Tuesday, June 24, 1997

C-Cube Microsystems Inc.
(Nasdaq: CUBE) (N) (S)
Phone: 408-944-6300
c-cube.com
Price (6/24/97): $19 1/4

HOW DID IT FIND TROUBLE?

DVD or not DVD? That is the question investors are trying to answer in assessing the role C-Cube
will play in the promising digital video disc (DVD) market, especially since its present video
business is not painting a pretty picture. Vertical Hold? Vertical Plunge! After trading as high as
$50 in November and at more than $40 as recently as January, shares of C-Cube have fallen off the
screen.

Soft sales and heightened competition has tinkered with the once rosy image shareholders had of
C-Cube. For a company that once dominated the VideoCD market, it was caught off guard when
ESS TECHNOLOGY (Nasdaq: ESST) (N) (S) stormed in with lower prices. Its potentially
lucrative role in DVD has been muddied by new competitors as well. While new product
introductions may brighten spirits, it won't happen this quarter. Last month the company
announced that earnings would come in significantly below analyst expectations.

BUSINESS DESCRIPTION

California-based C-Cube Microsystems designs and markets integrated circuits that implement
international standards for digital images and video. Half of its revenues come from the
communications segment, where its encoders are being used by digital satellite broadcasters. A
close but fading second is its VideoCD niche. While demand continues to strengthen in its Asian
stronghold, competition has been fierce. Then there is DVD, where it has yet to line up significant
backers in what looks to be the hot-selling tech gear this year.

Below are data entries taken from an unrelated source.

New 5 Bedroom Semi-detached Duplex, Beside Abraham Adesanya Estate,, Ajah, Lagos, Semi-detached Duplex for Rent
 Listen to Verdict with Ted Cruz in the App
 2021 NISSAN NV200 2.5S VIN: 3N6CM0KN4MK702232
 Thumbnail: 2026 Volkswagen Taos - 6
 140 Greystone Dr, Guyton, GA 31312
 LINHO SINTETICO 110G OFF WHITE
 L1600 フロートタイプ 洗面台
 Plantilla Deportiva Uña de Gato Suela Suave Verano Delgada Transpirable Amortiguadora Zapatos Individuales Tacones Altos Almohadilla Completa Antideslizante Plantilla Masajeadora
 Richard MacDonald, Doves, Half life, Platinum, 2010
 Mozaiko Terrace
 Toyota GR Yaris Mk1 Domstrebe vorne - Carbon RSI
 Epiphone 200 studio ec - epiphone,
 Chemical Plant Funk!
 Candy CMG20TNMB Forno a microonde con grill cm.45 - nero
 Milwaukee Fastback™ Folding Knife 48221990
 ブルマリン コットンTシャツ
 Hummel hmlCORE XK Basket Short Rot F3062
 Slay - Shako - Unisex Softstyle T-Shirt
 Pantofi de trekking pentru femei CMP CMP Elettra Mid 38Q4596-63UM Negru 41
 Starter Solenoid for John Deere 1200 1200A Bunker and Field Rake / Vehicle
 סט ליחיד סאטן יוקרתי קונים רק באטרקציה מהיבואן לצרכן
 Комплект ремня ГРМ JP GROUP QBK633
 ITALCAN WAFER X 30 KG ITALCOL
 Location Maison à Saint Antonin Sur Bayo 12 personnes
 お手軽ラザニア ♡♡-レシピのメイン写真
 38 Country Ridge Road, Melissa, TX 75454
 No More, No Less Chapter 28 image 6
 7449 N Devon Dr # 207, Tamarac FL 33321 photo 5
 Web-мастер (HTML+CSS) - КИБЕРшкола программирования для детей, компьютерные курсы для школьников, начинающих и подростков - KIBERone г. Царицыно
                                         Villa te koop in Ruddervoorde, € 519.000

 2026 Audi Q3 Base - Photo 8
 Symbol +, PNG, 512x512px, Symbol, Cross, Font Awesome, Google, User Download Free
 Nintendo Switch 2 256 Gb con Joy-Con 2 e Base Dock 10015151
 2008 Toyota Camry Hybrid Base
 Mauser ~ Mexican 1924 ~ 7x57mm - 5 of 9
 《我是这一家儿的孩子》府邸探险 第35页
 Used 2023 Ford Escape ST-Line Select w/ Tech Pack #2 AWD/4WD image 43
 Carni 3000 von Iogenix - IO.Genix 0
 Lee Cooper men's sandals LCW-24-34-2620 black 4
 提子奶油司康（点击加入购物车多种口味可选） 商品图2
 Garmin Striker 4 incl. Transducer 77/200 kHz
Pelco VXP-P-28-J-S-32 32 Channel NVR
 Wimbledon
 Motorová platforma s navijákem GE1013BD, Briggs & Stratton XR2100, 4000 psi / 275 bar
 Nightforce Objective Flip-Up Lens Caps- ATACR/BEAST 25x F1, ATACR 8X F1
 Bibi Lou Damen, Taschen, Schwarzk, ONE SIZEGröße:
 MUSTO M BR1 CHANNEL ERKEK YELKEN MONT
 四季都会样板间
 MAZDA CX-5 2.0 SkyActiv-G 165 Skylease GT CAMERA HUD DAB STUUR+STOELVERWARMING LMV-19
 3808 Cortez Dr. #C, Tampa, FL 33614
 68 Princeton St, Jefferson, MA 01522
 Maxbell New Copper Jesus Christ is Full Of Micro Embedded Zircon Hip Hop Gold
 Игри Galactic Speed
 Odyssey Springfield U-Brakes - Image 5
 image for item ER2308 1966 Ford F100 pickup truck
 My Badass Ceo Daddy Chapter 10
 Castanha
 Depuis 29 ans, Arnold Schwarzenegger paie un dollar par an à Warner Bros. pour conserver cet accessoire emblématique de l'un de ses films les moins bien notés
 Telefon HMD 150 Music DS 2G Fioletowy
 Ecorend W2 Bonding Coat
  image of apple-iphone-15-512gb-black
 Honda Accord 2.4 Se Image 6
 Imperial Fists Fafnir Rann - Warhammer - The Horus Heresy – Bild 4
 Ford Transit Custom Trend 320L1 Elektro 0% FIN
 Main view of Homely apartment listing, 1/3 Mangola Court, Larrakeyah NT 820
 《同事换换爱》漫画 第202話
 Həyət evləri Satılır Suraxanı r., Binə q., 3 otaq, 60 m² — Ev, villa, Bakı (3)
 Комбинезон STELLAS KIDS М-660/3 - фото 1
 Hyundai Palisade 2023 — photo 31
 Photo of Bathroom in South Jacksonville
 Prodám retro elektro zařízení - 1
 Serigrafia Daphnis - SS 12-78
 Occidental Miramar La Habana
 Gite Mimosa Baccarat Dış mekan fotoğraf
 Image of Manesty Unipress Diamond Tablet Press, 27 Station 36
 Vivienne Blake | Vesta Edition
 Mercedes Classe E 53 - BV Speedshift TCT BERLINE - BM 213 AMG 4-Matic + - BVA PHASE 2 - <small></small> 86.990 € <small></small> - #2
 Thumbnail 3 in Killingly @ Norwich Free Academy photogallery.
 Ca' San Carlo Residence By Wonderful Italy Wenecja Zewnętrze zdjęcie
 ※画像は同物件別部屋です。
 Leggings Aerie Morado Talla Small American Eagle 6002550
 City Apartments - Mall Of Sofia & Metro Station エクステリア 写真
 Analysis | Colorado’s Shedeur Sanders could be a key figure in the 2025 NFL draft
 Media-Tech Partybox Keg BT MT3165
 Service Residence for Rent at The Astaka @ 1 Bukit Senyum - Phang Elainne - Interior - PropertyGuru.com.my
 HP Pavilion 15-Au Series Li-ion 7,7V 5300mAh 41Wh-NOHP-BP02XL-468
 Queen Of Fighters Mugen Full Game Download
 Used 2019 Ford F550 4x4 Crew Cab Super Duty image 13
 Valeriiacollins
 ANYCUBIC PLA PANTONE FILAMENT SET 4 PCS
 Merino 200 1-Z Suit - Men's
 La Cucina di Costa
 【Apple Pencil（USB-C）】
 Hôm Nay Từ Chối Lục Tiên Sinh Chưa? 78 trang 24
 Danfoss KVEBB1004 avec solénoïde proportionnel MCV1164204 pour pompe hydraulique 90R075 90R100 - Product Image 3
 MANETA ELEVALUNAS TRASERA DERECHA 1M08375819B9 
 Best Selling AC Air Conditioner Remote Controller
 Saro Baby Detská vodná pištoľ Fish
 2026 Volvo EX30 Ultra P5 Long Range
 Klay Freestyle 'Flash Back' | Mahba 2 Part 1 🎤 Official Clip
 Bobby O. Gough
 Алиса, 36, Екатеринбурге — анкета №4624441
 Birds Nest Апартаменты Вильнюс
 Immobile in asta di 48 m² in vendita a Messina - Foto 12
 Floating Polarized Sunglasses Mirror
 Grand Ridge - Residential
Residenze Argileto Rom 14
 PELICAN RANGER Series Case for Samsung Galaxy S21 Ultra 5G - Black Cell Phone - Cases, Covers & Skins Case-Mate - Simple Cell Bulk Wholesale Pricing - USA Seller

The excitement over DVD is not to be taken lightly. With the capacity to store up to 9 hours of
digital video or 30 hours of audio, the storage capability shatters that of the similar compact disc.
(They both have the same diameter, but DVD is twice as thick.)

FINANCIAL FACTS

Income Statement

12-month sales: $345.9 million
12-month income: $62.1 million*
12-month EPS: $1.64*
Profit Margin: 18%
Market Cap: $723.3 million
(*Excludes charges associated
with the acquisition of DiviCom Inc.)

Balance Sheet
Cash: $103.7 million
Current Assets: $214.5 million
Current Liabilities: $68.1 million
Long-term Debt: $87.6 million

Ratios
Price-to-earnings: 11.6
Price-to-sales: 2.1

HOW COULD YOU HAVE SEEN IT COMING? ESS TECHNOLOGY (Nasdaq: ESST) (N) (S) began to stomp on C-Cube's turf late last year in
the VideoCD market, and the troubled circuit-maker was slow to counter with price cuts. Once it
did, beyond being too late to stall ESS Technology's momentum in the Far East, it was only a
matter of time before the once lofty profit margins in this substantial C-Cube business segment
would shrink. This ultimately led to the lower earnings forecast when it was not able to make up the
shortfall with volume.

Shareholders may have overlooked this to some degree if there was at least some assurance that
C-Cube would have a dominant role in DVD. That has not happened. ZORAN (Nasdaq: ZRAN)
(N) (S) has stolen some of the company's thunder by announcing a software-based solution.

WHERE TO FROM HERE?

One good half deserves another. When C-Cube announced that earnings would come in at a little
better than half of the $0.41 per share earnings estimate for the current quarter, the analysts halved
their projections clear on through next year. 1998 projections have gone from $2.29 per share to
$1.27 per share. Naturally, the stock price has also been halved as well. But could Wall Street be
shortsighted?

VideoCD competition is tough, so C-Cube got tougher. Its new CL-680 solution is based on just
one chip, considerably cheaper to produce than the competition's two chip products. And as for
Zoran's software salvo, it has weak copy protection, something that C-Cube's solution thrives on
in a pirate-conscious Hollywood that plans to stock the shelves with DVD films later this year.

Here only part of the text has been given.